Zero-Width Steganography

Hide secret messages in plain text using invisible Unicode characters.

Available as a C command-line tool and a browser-based web UI — both are fully cross-compatible (encode with one, decode with the other).

Check it out live: https://hamkee.net/stegano/

Features

16-symbol invisible alphabet — 4 bits per insertion (vs 1-bit in naive approaches)
Word-boundary-only placement — symbols inserted after whitespace, not per-character
PRNG-scattered encoding — data nibbles are shuffled across positions via xorshift64 + Fisher-Yates
Uniform filler — every boundary gets a symbol (data or random), eliminating pattern edges
Passphrase support — optional passphrase seeds the PRNG scatter (no encryption, pure steganography)
Length-prefixed messages — up to 255 bytes, self-delimiting
Channel survival — avoids U+2028/U+2029 (treated as whitespace by Python/JS runtimes)
Input normalization — CRLF to LF + trailing whitespace strip for cross-platform robustness
Strip command — remove all hidden symbols to recover the original carrier
Capacity check — see how many bytes a carrier can hold before encoding
100% client-side web UI — your data never leaves your browser

How It Works

The tool uses 16 invisible Unicode characters (all Category Cf — Format):

Nibble	Character	Code Point
0x0	Zero Width Space	`U+200B`
0x1	Zero Width Non-Joiner	`U+200C`
0x2	Zero Width Joiner	`U+200D`
0x3	Left-to-Right Mark	`U+200E`
0x4	Right-to-Left Mark	`U+200F`
0x5	LTR Embedding	`U+202A`
0x6	RTL Embedding	`U+202B`
0x7	Pop Directional Format	`U+202C`
0x8	LTR Override	`U+202D`
0x9	Word Joiner	`U+2060`
0xA	Function Application	`U+2061`
0xB	Invisible Times	`U+2062`
0xC	Invisible Separator	`U+2063`
0xD	Invisible Plus	`U+2064`
0xE	Left-to-Right Isolate	`U+2066`
0xF	Right-to-Left Isolate	`U+2067`

Each byte of the secret message is split into two nibbles (4 bits each), and each nibble maps to one symbol. A 1-byte length prefix is prepended, so the decoder knows how many bytes to read.

The encoding process:

Normalize the carrier (CRLF to LF, strip trailing whitespace)
Count word boundaries (spaces, tabs, newlines) in the carrier
Compute seed — FNV-1a 64-bit hash of the passphrase (if given) or the carrier text
Shuffle boundary positions using xorshift64 PRNG + Fisher-Yates
Place data nibbles at shuffled positions; fill remaining positions with random symbols
Output the carrier with one invisible symbol inserted after every whitespace character

The result looks identical to the original text. Every word boundary carries a symbol — data or filler — so there's no detectable "edge" where hidden content starts or stops.

CLI Usage

Build

gcc -O2 -o stegano stegano.c

No dependencies beyond a standard C compiler (gcc, clang, MSVC). Runs on Linux, macOS, Windows.

Commands

Encode a secret message into a carrier file:

./stegano encode <carrier.txt> <secret.txt> [passphrase]
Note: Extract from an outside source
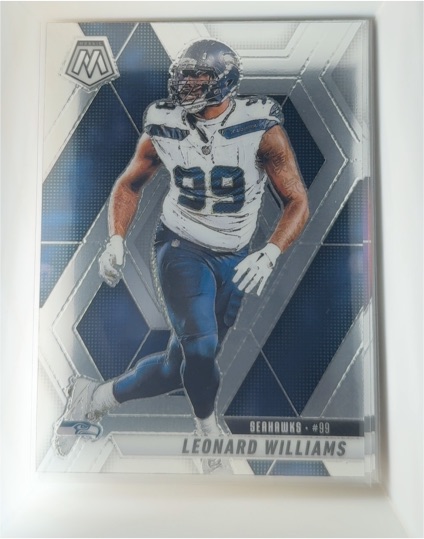 2025 Panini Mosaic #61 Leonard Williams — front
The encoded output is written to stdout. Redirect to save:

./stegano encode carrier.txt secret.txt > stego.txt
./stegano encode carrier.txt secret.txt "my passphrase" > stego.txt

Decode a hidden message from a stego file:

./stegano decode <stego.txt> [passphrase]

The passphrase must match the one used during encoding. If no passphrase was used, omit it:

./stegano decode stego.txt
./stegano decode stego.txt "my passphrase"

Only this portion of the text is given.